It is a strange fact of history that a land so filled with ruins should be inhabited, or being inhabited, the ruins should not have been utilized or removed. Moses foresaw, and so stated the fact. The land flowing with milk and honey became desolate. Dr. Olin remarks: "The very labor which was expended on these sterile hills in former times has increased their present sterility. The natural vegetation has been swept away, and no human cultivation now occupies the terraces which once took the place of forests and pastures." Speaking of the district about Lake Huleh, Mark Twain said: "It is seven in the morning; and as we are in the country, the grass ought to be sparkling with dew, the flowers enriching the air with their fragrance, and the birds singing in the trees.
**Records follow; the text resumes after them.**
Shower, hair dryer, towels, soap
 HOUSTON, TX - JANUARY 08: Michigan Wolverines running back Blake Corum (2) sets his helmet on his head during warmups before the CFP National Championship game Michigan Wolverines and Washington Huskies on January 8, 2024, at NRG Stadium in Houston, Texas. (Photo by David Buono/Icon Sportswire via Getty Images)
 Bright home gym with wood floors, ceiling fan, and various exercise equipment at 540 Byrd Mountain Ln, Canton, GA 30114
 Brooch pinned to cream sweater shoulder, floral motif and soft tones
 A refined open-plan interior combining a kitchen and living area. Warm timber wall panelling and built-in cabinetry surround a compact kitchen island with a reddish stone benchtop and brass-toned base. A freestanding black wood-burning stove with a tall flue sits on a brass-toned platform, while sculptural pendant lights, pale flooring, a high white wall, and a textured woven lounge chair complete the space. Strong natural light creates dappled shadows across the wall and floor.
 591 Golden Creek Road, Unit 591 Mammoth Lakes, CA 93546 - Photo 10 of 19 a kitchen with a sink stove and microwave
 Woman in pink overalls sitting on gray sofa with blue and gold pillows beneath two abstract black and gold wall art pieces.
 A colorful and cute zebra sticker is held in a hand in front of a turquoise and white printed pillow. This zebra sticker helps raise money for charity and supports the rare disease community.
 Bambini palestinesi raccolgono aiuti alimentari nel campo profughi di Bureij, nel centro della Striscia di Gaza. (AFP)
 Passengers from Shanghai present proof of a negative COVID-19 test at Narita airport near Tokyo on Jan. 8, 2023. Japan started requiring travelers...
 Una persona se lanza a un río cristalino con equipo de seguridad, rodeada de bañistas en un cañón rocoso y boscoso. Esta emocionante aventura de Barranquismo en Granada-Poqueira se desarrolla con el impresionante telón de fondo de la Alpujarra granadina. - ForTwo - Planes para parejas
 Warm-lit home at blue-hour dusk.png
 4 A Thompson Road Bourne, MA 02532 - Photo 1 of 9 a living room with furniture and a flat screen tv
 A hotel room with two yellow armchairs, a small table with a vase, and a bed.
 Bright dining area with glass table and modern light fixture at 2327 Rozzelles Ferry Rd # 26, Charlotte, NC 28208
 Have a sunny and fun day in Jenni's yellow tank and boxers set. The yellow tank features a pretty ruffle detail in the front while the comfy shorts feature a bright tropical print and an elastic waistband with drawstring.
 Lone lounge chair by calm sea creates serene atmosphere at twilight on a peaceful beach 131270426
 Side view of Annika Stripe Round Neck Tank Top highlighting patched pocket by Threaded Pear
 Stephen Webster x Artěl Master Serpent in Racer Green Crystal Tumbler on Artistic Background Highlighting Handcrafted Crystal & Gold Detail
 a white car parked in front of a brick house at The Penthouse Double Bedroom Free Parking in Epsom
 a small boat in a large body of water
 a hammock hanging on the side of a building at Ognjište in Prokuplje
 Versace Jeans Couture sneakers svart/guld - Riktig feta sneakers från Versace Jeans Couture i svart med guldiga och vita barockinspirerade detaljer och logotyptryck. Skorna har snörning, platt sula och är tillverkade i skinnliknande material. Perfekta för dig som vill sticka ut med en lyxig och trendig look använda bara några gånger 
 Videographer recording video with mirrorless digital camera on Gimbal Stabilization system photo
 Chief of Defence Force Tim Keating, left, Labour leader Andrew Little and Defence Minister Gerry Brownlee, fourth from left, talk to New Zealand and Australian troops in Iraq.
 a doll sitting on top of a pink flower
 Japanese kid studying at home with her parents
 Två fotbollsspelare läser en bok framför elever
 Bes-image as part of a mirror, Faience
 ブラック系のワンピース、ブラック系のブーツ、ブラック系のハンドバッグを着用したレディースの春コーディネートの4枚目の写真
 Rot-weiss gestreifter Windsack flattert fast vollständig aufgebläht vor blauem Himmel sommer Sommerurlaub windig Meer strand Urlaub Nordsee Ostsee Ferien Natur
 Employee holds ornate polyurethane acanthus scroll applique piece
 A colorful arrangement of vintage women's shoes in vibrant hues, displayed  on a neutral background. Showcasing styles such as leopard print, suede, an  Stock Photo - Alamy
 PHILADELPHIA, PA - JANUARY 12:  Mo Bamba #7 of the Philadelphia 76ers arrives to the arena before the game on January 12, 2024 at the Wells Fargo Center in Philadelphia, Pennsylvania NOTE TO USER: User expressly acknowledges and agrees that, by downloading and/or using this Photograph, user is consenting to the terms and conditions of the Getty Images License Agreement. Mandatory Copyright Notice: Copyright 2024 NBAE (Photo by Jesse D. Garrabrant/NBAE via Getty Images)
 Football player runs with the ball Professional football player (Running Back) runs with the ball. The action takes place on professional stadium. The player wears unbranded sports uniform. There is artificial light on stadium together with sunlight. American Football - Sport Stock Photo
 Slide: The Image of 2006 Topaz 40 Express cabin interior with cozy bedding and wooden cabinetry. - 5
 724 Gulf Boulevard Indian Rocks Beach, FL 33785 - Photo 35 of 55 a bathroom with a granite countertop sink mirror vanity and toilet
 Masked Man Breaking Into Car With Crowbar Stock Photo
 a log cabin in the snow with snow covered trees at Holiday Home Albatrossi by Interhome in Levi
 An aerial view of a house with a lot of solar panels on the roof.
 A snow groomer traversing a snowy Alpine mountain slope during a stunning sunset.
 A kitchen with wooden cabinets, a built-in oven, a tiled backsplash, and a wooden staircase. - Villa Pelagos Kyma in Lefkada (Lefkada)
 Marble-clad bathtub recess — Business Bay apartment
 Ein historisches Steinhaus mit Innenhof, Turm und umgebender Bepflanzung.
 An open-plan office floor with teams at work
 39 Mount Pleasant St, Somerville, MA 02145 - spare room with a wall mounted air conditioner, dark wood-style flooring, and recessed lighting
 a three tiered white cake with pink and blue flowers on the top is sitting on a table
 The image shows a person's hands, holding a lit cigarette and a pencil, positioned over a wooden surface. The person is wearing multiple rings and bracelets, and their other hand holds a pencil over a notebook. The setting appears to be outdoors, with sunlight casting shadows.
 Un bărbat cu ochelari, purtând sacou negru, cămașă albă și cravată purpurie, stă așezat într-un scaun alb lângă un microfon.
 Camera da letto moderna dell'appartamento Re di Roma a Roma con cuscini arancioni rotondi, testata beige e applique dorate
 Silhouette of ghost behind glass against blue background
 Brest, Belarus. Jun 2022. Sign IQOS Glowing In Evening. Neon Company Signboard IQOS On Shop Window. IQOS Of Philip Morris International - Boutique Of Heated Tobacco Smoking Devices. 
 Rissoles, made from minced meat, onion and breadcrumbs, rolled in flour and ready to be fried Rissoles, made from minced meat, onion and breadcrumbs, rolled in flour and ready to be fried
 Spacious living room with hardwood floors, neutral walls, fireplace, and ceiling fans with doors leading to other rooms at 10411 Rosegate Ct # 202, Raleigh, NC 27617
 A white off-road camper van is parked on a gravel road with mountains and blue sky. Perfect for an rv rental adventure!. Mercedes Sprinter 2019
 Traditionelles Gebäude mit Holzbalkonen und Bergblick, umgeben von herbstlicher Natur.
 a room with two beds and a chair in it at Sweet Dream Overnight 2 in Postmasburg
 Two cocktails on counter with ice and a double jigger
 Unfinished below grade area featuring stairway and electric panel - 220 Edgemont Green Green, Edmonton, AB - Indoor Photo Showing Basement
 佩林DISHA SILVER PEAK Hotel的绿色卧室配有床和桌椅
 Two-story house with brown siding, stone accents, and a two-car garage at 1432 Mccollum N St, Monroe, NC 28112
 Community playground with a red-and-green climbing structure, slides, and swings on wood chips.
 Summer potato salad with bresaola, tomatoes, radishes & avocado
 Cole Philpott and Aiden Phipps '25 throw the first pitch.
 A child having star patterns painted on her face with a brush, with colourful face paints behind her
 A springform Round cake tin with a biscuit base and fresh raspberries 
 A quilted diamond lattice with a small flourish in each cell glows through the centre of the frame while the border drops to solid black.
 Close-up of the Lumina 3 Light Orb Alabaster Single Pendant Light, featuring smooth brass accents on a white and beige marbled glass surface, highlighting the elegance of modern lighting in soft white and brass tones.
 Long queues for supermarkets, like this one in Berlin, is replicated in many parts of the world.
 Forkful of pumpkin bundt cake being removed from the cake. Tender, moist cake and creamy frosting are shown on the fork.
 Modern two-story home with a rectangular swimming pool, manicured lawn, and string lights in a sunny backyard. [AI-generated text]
But alas, there is no dew here, nor flowers, nor birds, nor trees. There is a plain and an unshaded lake, and beyond them some barren mountains."-"The New Pilgrim’s Progress," page 124.

Though ruined, desolate, bereft of her own people, Palestine was nevertheless to be preeminently a land of pilgrimages; for Moses said that attention should be called to the condition of the country by "the foreigner that shall come from a far land." Deuteronomy 29:22. There was to be no wealth to allure, no beauty to attract; still it was to be the land to which the stranger from afar should come. To-day fifty languages are spoken in Jerusalem alone, so numerous are the different peoples represented. ("Encyclopedia Britannica," eleventh edition, article "Palestine.")

"And Jehovah will scatter thee among all peoples, from the one end of the earth even unto the other end of the earth. . . . And among these nations, shalt thou find no ease, and there shall be no rest for the sole of thy foot. . . . And thy life shall hang in doubt before thee; and thou shalt fear night and day, and shalt have no assurance of thy life." Deuteronomy 28:64-66.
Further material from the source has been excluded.